Manufacturers have historically looked at simple trends related to when machines are or are not working. With live data, you can take things a step further and begin to predict problems before they occur.
Imagine this: a machine you’ve used to cut a certain part has run properly for years without issue. Lately, though, you’ve noticed a change in the real-time vibration data coming off the machine.
What does this mean? Maybe nothing—but it could mean that the machine needs a repair, should be monitored, or should be immediately taken out of service. Because you have loads of historical data to compare to, you notice the change likely signifies a specific maintenance issue you’ve seen in other machines. Instead of waiting for failure, you’re able to schedule maintenance and resolve the issue—without unplanned downtime. And just like that, big data has saved you money.
The trick, of course, is homing in on the right metrics to use as predictors. The more information you collect, the better you’ll be able to predict. Several companies local to us here in Northeast Ohio are starting to explore using Microsoft Power BI to manipulate data for analysis and reporting, with promising early results. For more information, considering seeking out local manufacturing groups, who often host how-to sessions with manufacturers in the area to explain how they’ve used various applications.

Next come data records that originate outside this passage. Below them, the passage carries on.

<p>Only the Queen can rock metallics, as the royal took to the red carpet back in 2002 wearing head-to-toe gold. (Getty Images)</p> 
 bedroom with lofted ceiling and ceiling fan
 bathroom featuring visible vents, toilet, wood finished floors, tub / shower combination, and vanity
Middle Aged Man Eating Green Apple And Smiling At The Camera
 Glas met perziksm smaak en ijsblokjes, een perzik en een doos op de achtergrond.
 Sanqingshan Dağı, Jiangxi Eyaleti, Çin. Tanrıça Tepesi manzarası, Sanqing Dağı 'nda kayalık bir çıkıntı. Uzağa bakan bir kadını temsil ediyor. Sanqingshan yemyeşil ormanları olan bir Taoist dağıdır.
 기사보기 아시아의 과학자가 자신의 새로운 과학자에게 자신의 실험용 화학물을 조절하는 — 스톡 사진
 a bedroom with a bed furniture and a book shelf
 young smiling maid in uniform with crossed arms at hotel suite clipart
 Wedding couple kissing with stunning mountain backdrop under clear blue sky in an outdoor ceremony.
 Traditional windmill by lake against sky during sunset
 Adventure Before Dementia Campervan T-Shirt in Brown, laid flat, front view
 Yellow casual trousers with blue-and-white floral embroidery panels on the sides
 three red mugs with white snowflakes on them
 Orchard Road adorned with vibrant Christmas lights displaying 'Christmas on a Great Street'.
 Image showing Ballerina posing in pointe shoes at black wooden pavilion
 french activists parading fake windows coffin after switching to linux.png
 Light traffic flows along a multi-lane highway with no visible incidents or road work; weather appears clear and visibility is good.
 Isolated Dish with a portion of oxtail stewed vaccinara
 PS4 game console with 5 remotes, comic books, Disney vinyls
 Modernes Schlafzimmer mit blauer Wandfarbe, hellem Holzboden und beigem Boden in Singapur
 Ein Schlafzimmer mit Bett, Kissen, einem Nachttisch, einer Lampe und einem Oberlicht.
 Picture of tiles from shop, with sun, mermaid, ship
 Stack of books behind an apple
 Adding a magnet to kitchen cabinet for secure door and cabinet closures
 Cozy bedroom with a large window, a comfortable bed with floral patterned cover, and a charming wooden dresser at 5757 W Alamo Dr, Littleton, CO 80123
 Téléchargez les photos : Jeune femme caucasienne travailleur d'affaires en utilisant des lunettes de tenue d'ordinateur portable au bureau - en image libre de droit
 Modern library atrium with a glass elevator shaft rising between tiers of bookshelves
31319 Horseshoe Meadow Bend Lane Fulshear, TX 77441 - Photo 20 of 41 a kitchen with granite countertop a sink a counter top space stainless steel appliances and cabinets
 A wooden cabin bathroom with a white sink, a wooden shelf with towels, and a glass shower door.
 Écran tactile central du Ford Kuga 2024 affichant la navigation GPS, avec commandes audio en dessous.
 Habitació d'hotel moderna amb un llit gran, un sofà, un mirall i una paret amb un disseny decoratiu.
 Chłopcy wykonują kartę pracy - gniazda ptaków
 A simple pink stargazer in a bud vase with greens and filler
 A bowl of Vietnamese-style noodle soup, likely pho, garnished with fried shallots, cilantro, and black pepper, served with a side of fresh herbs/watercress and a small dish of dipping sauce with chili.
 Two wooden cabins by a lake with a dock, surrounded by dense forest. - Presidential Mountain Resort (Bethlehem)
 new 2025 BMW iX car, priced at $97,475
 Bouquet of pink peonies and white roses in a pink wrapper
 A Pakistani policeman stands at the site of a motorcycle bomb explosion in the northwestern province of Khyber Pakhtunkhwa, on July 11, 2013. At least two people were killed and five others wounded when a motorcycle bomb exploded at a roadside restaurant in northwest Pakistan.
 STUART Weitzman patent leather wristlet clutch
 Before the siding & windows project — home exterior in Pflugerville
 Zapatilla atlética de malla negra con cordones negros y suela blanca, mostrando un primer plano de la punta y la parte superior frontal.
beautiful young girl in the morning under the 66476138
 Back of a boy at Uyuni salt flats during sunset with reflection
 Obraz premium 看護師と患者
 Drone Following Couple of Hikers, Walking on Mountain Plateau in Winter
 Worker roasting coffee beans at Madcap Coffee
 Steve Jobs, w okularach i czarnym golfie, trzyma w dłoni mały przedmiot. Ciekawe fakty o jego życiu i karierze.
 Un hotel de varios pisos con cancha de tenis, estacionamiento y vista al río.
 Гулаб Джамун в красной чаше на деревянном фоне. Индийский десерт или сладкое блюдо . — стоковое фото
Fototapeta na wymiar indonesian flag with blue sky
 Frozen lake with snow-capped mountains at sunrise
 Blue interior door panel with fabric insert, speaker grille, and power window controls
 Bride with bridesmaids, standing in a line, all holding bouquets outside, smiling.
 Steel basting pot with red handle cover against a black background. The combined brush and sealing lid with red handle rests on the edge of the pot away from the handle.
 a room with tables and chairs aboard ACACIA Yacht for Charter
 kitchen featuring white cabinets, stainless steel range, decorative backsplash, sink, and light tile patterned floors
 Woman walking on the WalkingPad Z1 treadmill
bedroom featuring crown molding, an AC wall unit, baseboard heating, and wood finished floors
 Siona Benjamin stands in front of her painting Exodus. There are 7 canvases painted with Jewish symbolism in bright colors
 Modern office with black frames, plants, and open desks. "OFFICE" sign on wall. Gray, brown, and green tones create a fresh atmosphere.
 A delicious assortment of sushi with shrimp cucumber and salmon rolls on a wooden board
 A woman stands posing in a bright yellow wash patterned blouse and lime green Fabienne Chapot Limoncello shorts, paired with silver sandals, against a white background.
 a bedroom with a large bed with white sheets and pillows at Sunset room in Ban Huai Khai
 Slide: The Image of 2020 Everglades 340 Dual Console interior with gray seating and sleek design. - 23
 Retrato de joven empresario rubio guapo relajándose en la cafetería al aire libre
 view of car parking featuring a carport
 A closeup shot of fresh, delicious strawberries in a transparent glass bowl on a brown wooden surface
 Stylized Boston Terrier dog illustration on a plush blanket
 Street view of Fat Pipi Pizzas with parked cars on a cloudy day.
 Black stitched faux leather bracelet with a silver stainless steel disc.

Again, if you’re just starting out, these details are a couple steps away. For now, just know that the more you’re able to see maintenance problems coming, the more seamlessly you’ll be able to strategize for them, leading to less unplanned downtime—and more productivity.
3. Take Advantage of Computer Modeling—and Gain Efficiencies
All of this brings us back, finally, to ball bearings.
But first we must talk about the concept of simulation tools called “digital twins.”
In the manufacturing world, we’re at the point where we can recreate an entire warehouse, and its individual physical components, in digital form. These virtual counterparts enable us to get an up-close, digital look at what’s happening inside any given machine, while accurately simulating future performance.
This unlocks a new level of precision. Now, rather than having to inspect each ball bearing individually to ensure it is the perfect size for the job, we can be certain of specifications by referencing a digital twin containing its exact measurements. Rather than send back an entire set of ball bearings due to a single failure, we can reference a part number to the supplier, have that supplier pull up the conditions under which that ball bearing was created, and pinpoint any others in the set that may be at similar risk.
Of course, this one instance is just scratching the surface of what digital twins can do for manufacturers. There are supreme implications for productivity and quality.
If we know the specific details of a given part and its usage history, we can take into account even the smallest defects that part develops and create programs that automatically rewrite themselves to account for imperfections. These tiny adjustments keep machines churning longer and at higher productivity, while producing a consistently higher-quality product. Youngstown, Ohio-based Grale Technologies is a prime example of a company working to use digital twins to improve their machining process.
Because a digital twin can be accessed remotely, we could soon see efficiencies in our technology teams, as well, as resource-strapped small manufacturers centralize technology work off-site. No longer will each small manufacturer require their own IT worker.
Some of these benefits remain in their infancy, even for some of the largest manufacturers in the world. That won’t be the case forever. For small manufacturers who want to realize the promises big data will come to provide, they need only to focus on the here and now. Start along your data journey so that you’re prepared for the practices that will become commonplace—a requirement to stay competitive—in the not-so-distant future.